Outside of stupid feminist hippies, who sees breast feeding a baby as sexual? What kind of people want to see those photos? Not good people.
It is telling that Furry Girl doesn’t see the “feminist mommy club” as including any sex workers. Furry Girl’s reaction also says a lot about the difficulty we have in separating the sexual function of breasts from the nurturing role, something Young was attempting to explore in her art exhibition.
My exhibit Becoming MILF was a visual and performative journey through my pregnancy and into the throws of motherhood while still working in the sex industry. I wanted to express the challenges of balancing the life of the whore and the madonna at the same time. At the opening reception I sat in a corner hand whisking whipped topping for milkshakes while pumping breast milk, and then added the breast milk to the whipped topping. I was using traditional women’s work and the re-appropriating of my breasts for nourishment to create a dessert, encouraging gallery goers to address their thoughts on breastfeeding, breasts of mothers versus breasts of adult film actresses, and the consumption of breast milk past infancy. It spurred some fascinating conversations around nurturing versus sexualizing.
While Furry Girl’s criticisms of Young are apparently out of step with the rest of the kink community, they’re quite typical of mainstream anti-breastfeeding views. There is something peculiar about the way breastfeeding is seen as exhibitionism, when really, it is simply feeding a baby. It says something about the way we objectify women and about how women can’t just ‘be’, they’re always on display. It seems to be particularly troubling for those uncomfortable with breastfeeding to see a celebrity breastfeeding, someone for whom the private is so readily collapsed into the public. While it is true that Young is deliberately making her breastfeeding experience public, she isn’t exactly being ‘showy’ about it. Young’s porn and art audiences may overlap but this is not a sex show. If anything, the whole exhibition sounds achingly sincere.
I don’t know what Young’s fans see when they look at her breastfeeding photograph, but I can tell you what I see. I see vulnerability in that photograph, not a ‘Marilyn Monroe sex goddess’ vulnerability but the vulnerability of mother-shock, raw and fragile and calling upon all your reserves. I see pride, too, in her decision to pose breastfeeding. Pride in mastering a new skill and pride in her first baby. And I can’t help but relate to the excitement and creativity she is experiencing in exploring her new identity as a mother – after all, I started a blog as an outlet for my thoughts.
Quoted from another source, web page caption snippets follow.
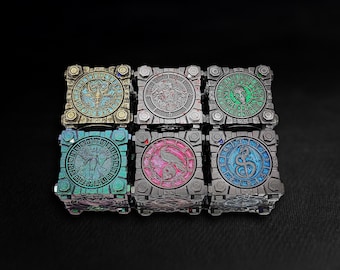 May include: Six square, metallic boxes with detailed designs. Each box has a central circular emblem with symbols and colours, including teal, green, and blue. The boxes are arranged in a grid pattern against a dark background.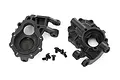 Traxxas TRX-4 front inner portal drive housings, left and right, with five small black mounting screws on a white background.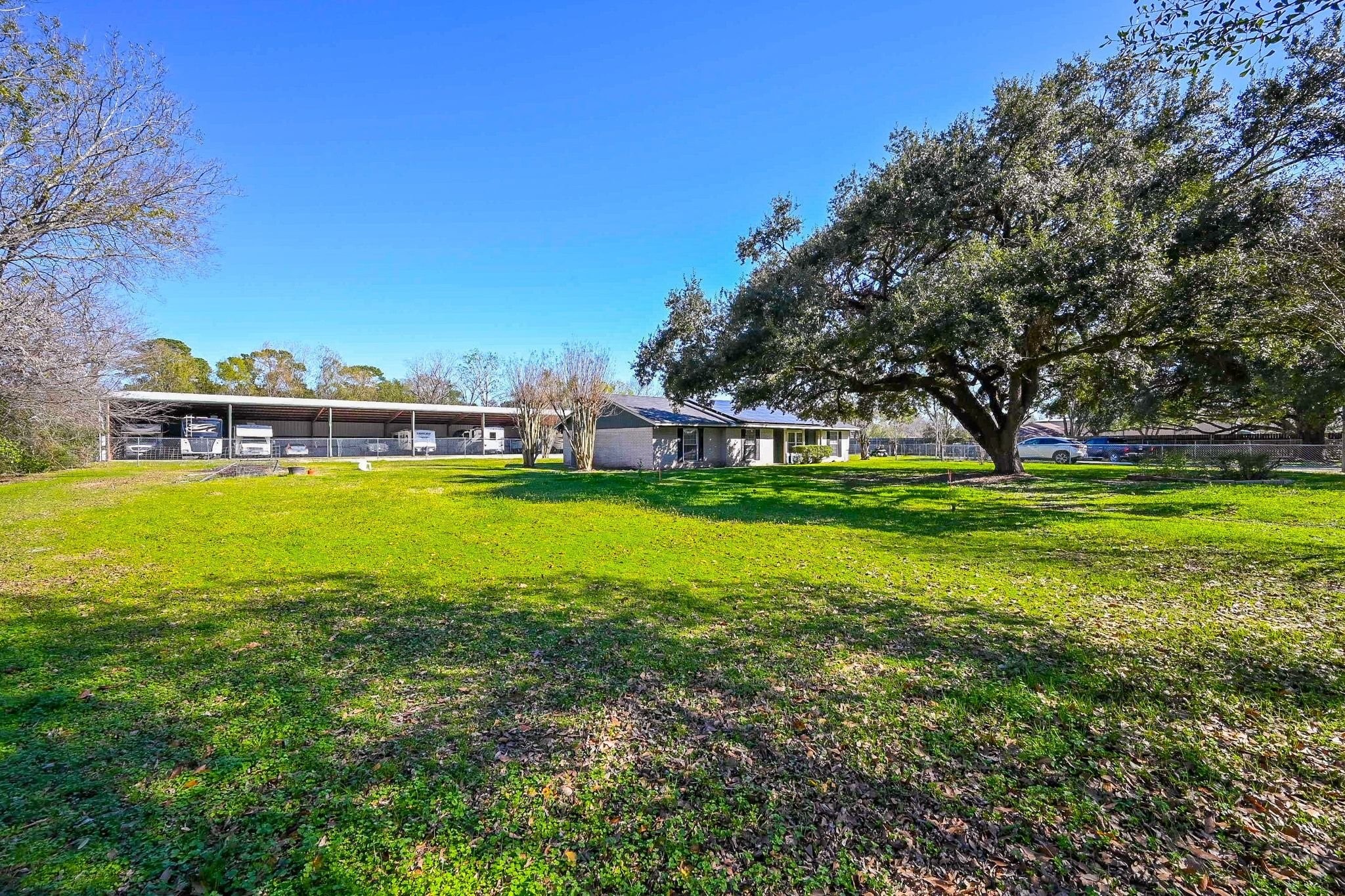 18910 Carrot Street Spring, TX 77379 - Photo 19 of 48 a view of a house with a big yard and large trees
It breaks my heart to think how exposed Young, still such a new mother, must now be feeling about all of this.
There is something else worth considering about Furry Girl’s criticisms of Young, and that is the way in which she can’t distinguish between mothers and mothering. Yes, Young’s daughter can’t give permission for being included in her mother’s artwork, neither can mine give permission for my writing. But who owns Young’s experience of motherhood? Who own’s mine? Where do Young’s and my experiences of early motherhood and our desire to explore these all-consuming aspects of our lives end, and our children’s ownership of them begin? Can Young, who describes her devotion to her baby daughter so lovingly, not be trusted to know? Does being sexual as women (or even sexually objectified unintentionally) spill dangerously over into our responsibilities as mothers? Does it prevent us from good mothering? Because incidentally, I also attract readers here from time to time looking for something apart from feminist discussion, who are instead seeking ‘sexy breastfeeding’ stories and images. (And what a crushing bore they must find it all, once here).
There are boundaries, of course, but they need not impose the complete separation of mother from self.